In granting Google’s third motion to dismiss, the Court previously found that the “Plaintiffs’ only alleged injury-in-fact was the depletion of battery and bandwidth resulting from systemic, repeated transmission of personal information from Android devices to third-party developers.” Id. at 2. However, in amending and re-pleading their claims for the fourth time, the Court found that “Plaintiffs managed something somewhat unusual: they pled themselves out of a case.” Id. Finding that injury-in-fact was no longer sufficiently alleged, particularly given that Plaintiffs failed to allege any actual disclosure to third parties from Plaintiffs’ own devices, the Northern California Court ruled that it would unfairly prejudice Google to let the Plaintiffs amend their complaint again, and ordered the dismissal without further leave to amend.

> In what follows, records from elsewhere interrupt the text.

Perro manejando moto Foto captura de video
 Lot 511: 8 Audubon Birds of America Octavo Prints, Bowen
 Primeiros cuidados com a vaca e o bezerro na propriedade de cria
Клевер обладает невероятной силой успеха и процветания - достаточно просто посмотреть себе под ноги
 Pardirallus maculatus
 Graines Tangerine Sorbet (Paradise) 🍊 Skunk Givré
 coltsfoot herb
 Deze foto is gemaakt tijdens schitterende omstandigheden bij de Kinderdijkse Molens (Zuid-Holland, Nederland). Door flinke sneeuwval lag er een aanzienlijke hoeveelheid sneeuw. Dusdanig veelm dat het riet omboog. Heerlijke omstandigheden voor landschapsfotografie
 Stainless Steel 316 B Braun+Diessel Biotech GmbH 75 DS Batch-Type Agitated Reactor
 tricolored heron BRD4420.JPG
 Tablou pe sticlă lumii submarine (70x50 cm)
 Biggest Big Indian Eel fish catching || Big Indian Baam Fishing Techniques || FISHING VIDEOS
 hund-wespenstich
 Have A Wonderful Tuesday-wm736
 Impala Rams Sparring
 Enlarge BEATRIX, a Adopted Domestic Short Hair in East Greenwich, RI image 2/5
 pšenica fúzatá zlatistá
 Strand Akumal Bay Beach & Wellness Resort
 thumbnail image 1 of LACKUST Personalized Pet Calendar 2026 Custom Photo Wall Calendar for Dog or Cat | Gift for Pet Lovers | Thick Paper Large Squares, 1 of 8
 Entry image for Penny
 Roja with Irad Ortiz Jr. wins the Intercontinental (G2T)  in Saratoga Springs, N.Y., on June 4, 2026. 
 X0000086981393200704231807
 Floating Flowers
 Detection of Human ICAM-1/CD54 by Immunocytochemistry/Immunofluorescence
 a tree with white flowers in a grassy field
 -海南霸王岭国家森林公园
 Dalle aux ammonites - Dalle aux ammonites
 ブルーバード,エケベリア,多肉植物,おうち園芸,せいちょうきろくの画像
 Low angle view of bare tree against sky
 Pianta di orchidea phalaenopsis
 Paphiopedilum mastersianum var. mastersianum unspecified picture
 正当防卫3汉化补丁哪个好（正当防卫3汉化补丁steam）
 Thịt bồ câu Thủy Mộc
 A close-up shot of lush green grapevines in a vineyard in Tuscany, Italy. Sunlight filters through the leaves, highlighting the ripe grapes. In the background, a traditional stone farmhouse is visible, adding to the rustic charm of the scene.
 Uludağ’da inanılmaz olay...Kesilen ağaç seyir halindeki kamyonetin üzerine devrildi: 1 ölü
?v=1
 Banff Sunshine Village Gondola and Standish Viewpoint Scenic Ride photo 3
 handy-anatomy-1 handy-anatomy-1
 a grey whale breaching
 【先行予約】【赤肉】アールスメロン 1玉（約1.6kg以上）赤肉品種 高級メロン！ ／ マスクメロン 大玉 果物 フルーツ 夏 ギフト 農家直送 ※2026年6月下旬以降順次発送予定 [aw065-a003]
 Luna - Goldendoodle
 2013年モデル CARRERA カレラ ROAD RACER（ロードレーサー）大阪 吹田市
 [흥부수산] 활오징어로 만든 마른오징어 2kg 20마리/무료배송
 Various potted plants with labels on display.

The Court held that Plaintiffs failed to satisfy all three prongs needed to establish Article III standing, including (i) injury-in-fact that is concrete and actual or imminent and not hypothetical; (ii) injury that is fairly traceable to the action of the defendant being challenged; and (iii) likelihood that the injury will be redressed by a favorable decision. Id. at 8. First, the Court found no evidence of any injury-in-fact because there was no longer any allegation that the battery-and-bandwidth-using transmissions containing personal information ever occurred from Plaintiffs’ phones or ever went to a third party. The Court noted that, “Plaintiffs do not allege economic injury from any dissemination – or any dissemination at all – or any injury in the form of loss of the Plaintiffs’ ability to sell their own information or its market value.” Id. at 11 (footnotes omitted). Second, the Court found no nexus between Plaintiffs’ claim of battery and bandwidth depletion and any action by Google. Specifically, the Court noted that there was no allegation of any personal information being transmitted when a user purchased an app from Google Play. “Put another way, the loss of battery life or use of bandwidth is not ‘fairly traceable to the challenged action’ as the downloading of the app occurs before any record of the transaction or making available of information for look-up.” Id. at 13. Third, the Court held that any injury is not redressable by a favorable decision. Said differently, the Court found that, “[e]ven if tomorrow this court ordered Google to cease making any transaction data available whatsoever to the developers from whom users purchase apps, it would not change the battery and bandwidth use of the purchase process at all.” Id. at 13 (footnote omitted).
In sum, the decision makes no new law but rather continues the trend of courts dismissing cases because the “mere risk of future disclosure is not an Article III injury-in-fact.” Id. at 9.